A small number of hematopoietic stem cells (HSCs) with self-renewal and multi-lineage repopulation capacity maintain hematopoiesis during the lifetime of an individual. Moreover, HSCs and their potential exist in excess as one individual can share its HSCs with another leading to creation of a genetically identical hematopoietic system. For over half a century this property of HSCs has been utilised by successful allogeneic clinical HSC transplantation for treatment of patients with inherited or acquired genetic and neoplastic diseases of the hematopoietic and immune system.
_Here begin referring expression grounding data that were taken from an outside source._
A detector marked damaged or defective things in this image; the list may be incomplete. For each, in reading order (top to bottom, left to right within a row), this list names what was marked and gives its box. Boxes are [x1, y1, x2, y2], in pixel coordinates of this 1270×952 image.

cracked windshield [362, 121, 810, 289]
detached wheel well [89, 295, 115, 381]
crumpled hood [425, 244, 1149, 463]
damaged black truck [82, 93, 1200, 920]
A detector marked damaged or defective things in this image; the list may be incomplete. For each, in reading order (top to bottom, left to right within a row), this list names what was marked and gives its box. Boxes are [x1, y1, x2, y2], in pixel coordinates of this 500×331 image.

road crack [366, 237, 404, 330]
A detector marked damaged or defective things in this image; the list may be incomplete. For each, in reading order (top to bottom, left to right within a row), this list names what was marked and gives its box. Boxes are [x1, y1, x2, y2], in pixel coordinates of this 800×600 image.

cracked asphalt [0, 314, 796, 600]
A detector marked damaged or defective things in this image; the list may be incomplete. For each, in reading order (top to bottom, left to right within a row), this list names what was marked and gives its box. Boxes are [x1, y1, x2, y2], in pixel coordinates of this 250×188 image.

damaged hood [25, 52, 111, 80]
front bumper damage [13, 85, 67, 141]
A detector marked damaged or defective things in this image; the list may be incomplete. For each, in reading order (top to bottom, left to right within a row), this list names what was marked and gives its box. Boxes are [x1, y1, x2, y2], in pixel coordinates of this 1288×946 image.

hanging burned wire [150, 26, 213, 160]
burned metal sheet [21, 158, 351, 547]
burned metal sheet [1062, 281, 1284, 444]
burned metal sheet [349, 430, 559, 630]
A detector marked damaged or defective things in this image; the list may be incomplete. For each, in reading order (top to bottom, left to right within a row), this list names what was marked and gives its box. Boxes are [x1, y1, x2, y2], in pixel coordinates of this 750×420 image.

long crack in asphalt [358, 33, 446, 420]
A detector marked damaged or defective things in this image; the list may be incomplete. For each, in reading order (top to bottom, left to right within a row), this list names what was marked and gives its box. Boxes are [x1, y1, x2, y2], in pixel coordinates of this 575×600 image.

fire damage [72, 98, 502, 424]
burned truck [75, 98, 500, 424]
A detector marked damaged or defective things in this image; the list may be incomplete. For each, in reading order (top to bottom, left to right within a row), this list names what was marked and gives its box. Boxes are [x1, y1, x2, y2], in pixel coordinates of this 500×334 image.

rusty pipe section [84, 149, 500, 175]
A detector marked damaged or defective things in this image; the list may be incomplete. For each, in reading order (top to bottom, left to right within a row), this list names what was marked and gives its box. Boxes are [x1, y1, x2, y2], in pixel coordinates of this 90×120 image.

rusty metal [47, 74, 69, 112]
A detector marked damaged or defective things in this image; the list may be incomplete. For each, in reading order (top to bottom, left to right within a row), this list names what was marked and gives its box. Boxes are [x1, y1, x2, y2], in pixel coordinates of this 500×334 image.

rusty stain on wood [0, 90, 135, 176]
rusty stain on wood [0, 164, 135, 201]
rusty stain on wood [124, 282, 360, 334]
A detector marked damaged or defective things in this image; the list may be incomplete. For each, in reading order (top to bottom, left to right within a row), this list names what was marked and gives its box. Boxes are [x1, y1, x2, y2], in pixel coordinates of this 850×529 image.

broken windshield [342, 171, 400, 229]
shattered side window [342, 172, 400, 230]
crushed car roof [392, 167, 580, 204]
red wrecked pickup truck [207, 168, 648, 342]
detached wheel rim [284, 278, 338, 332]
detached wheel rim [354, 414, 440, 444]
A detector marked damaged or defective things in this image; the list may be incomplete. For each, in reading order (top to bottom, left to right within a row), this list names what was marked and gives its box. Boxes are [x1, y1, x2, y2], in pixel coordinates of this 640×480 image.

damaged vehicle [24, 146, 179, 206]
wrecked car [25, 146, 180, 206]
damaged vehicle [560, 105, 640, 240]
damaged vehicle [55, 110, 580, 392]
There are now more than twenty thousand allogeneic HSC transplants per year worldwide [1]. However, although more than 17.5 million potential HSC donors are registered and additional 500,000 cord bloods are stored for potential allogeneic HSC transplantation [2], timely availability of appropriately human leukocyte antigen (HLA)-compatible HSCs with sufficient quality for patients still poses a problem in the field. Even if a donor is available, toxicity of the procedure could be reduced by increasing HSC numbers in transplants. One way to solve these issues would be by generation of quality-controlled, off the shelf HSC products via in vitro HSC expansion, a “holy grail” procedure many have been hunting for. Here, we discuss accumulating knowledge on signalling pathways involved in HSC maintenance as well as recent achievements to apply the findings to ex vivo HSC expansion for clinical use. Although the specific issue concerns only highly specialised medicine today, newly generated knowledge will be critical for the whole field of stem cell transplantation and regenerative medicine in the future.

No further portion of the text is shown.